▶ **Exercise**
Every line of the entries below from the one containing "Mopar 68280784AB HOSE/TUBE-Heater Supply" to the one containing "#1437445 - Apartamento", both ends included, must be written out exactly. No other line belongs in the answer.

▶ **The data**
___

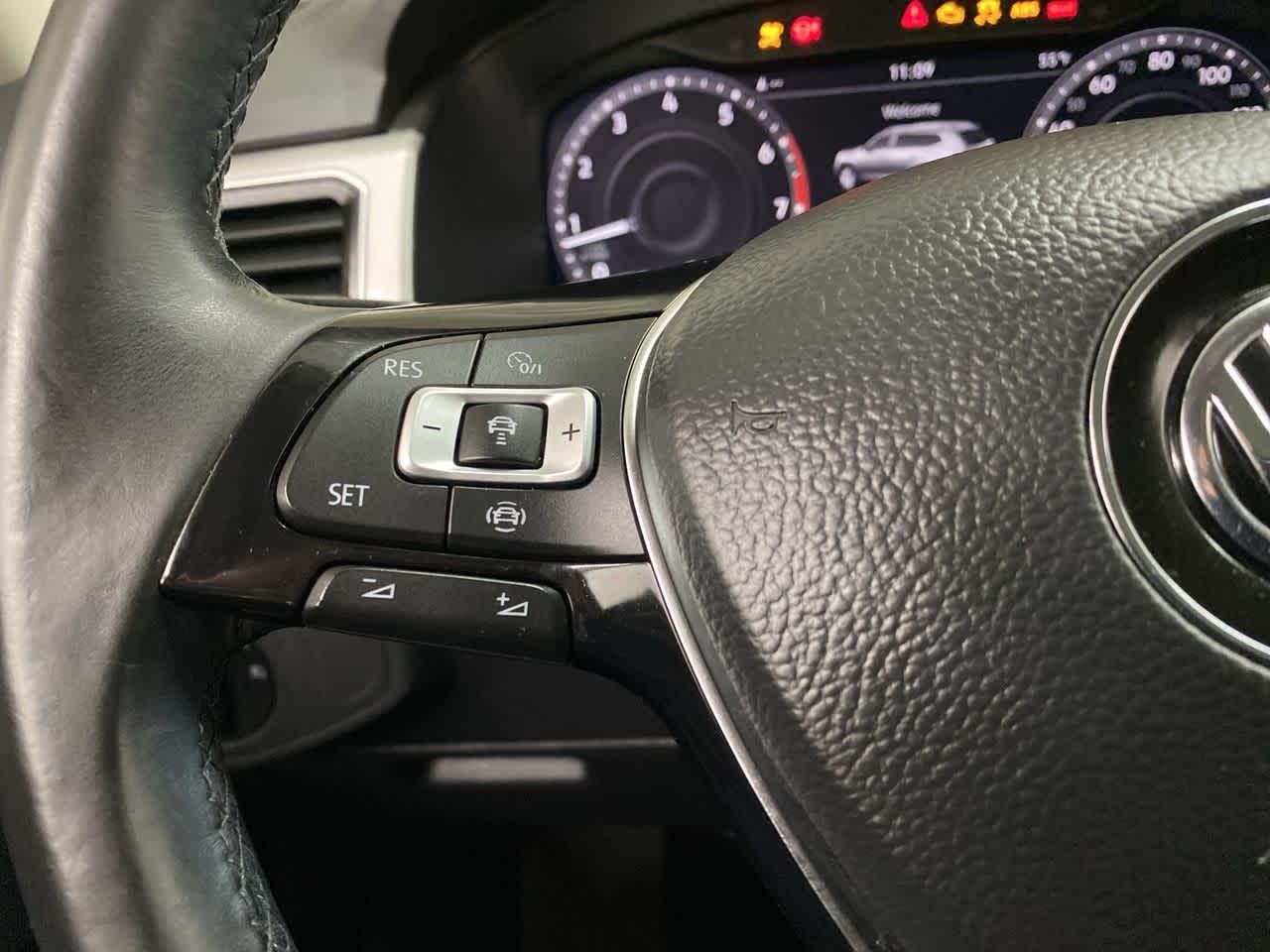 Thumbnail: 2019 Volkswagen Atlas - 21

___

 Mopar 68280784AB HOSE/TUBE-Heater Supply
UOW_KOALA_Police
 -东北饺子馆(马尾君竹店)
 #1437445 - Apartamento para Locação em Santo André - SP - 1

___

▶ **The answer**
 Mopar 68280784AB HOSE/TUBE-Heater Supply
UOW_KOALA_Police
 -东北饺子馆(马尾君竹店)
 #1437445 - Apartamento para Locação em Santo André - SP - 1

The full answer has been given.